It was the novel, specifically The Brothers Karamazov, that once and for all set me on the path toward dedicating my life to literature. Only recently has poetry come to occupy a similarly sacred space as the novel in my outlook. This delay is not due to any prejudice on my part, but more to a simple lack of sufficient exposure.
The main catalyst for this awakening was John Ashbery’s “Self-Portrait in a Convex Mirror.” When I first encountered it, I had been studying Pynchon, Barth, DeLillo, and David Foster Wallace.

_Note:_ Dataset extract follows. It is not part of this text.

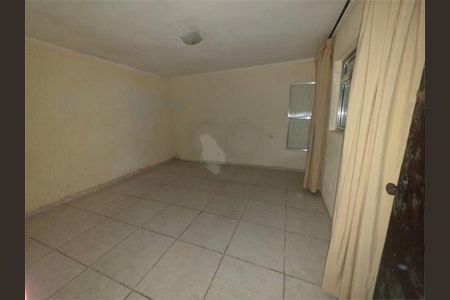Casa à venda com 3 quartos, 160m² em Moinho Velho, São Paulo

Namely, practitioners of the massive, whose major works will undoubtedly stand as monuments to our historical and cultural moment. “Self-Portrait” is one such undertaking.
The sheer philosophical, epistemological, formal and emotional scope exhilarates me every time I read it. It is a virtuosic, dynamic, and ultimately heart-wrenching meditation on self-consciousness and loss, central notions of late twentieth-century art. Like those masters of narrative I mentioned, Ashbery causes me to pause and reflect with awed humility that I could never do what he did in this poem.
Gratifying to see you’ve crossed over to the other side:) Poetry, Ashbery’s and others, rewards patience and concentration: two qualities which, given my brief experience with you, I suspect you possess in abundance. Wishing you many more happy discoveries!